A Bunbury man has received the highest honour for the role he played in the liberation of France during the Second World War.

Bill Corn was appointed Chevalier in the Ordre national de la Legion d’honneur for the part he played in the D-Day landings in June 1944.

The ceremony took place at the Dysart Arms in Bunbury on Friday, January 20 with his friends, family and members of the Bunbury branch of the Royal British Legion.

As soon as he was old enough, Bill volunteered to join the 8th Battalion of The Cheshire Regiment in May 1940 and he was based at Harrowby Drill Hall in Birkenhead. Sadly, the 8th Battalion never got to full strength, so it was disbanded and Bill found himself in the Kings Liverpool Regiment and on a draft to go to the Far East.

A damaged knee not only frustrated his wish to join the Parachute Regiment, it also made him unfit for service in the Far East which probably saved his life, as many of his friends never made it back from that theatre.

Bill Corn with James Walton (left) and Mike Rogers

Bill was transferred from the Kings Liverpool to the Royal Army Service Corps and he spent the next few years ferrying supplies all over the United Kingdom.

In June 1944 he was ready to go ashore on Juno beach alongside the Canadians which, according to Bill was a bit of luck, because the Canadians had better food.

He actually went ashore on D-Day+4 and when Bill was talking about his experiences and surrounded by memorabilia, he outlined what it was actually like with lots of shouting and noise.

Bill stayed with the Canadians until Caen was taken and he then spent the rest of the war driving with the advancing forces up through France and on into Germany, ending up in Stettin on the Baltic coast in the Russian Zone.

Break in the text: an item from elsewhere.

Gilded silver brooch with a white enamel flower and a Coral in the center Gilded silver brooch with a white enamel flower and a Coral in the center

In the course of his travels, Bill saw some harrowing sights. Attached to the Field Ambulance Service he took part in transporting some of the inmates of the Ravensbruck women’s concentration camp after its liberation as well as inmates from the infamous Belsen concentration camp when he was.

Bill with his three daughters

Bill came home in 1946 and he was awarded the 1939-45 Star, the France and Germany Star, the Defence Medal, the War Medal and the Canadian Normandy Medal.

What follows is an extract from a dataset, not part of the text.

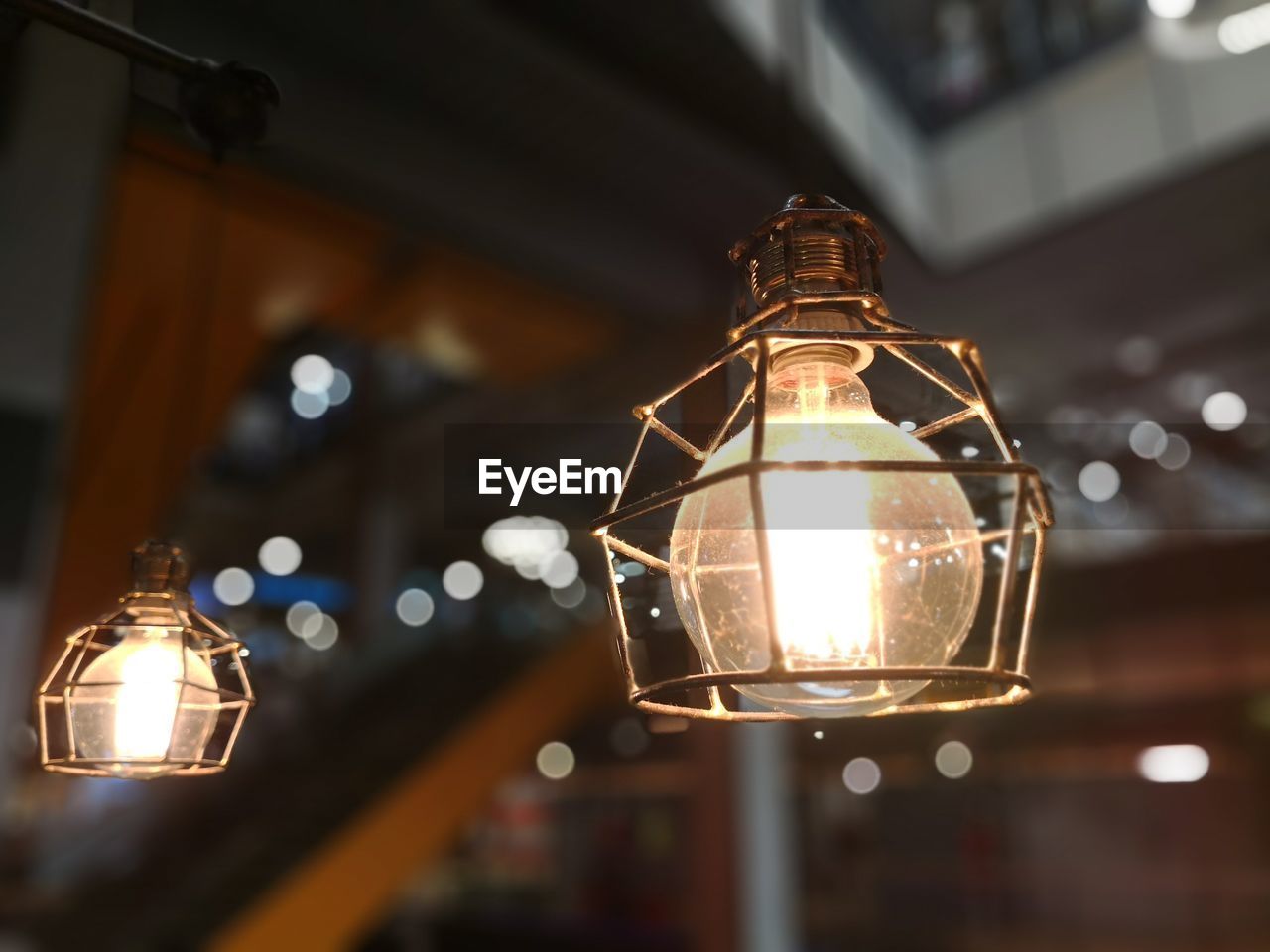 Low angle view of illuminated light bulb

Bill also proudly wears his father’s medal from the Boer War and in his pocket a treasured memento - the watch that he carried throughout his war service.

His appointment was carried out by group captain the Reverend Mike Rogers OBE RAF (retired), president of the Bunbury branch of the RBL who said: “It is a great honour for me, on behalf of the President of France and the people of France to be able to pin the Legion d’ Honneur to your chest, as a mark of gratitude and in recognition of the part you played in France and the French nation regaining its freedom from oppression in the dark days of the 1940s.”

Bill thanked Madame Sylvie Bermann (Ambassade De France), the President of France and the people of France for this recognition of those who were involved in the liberation of France from the tyrany of Nazi occupation.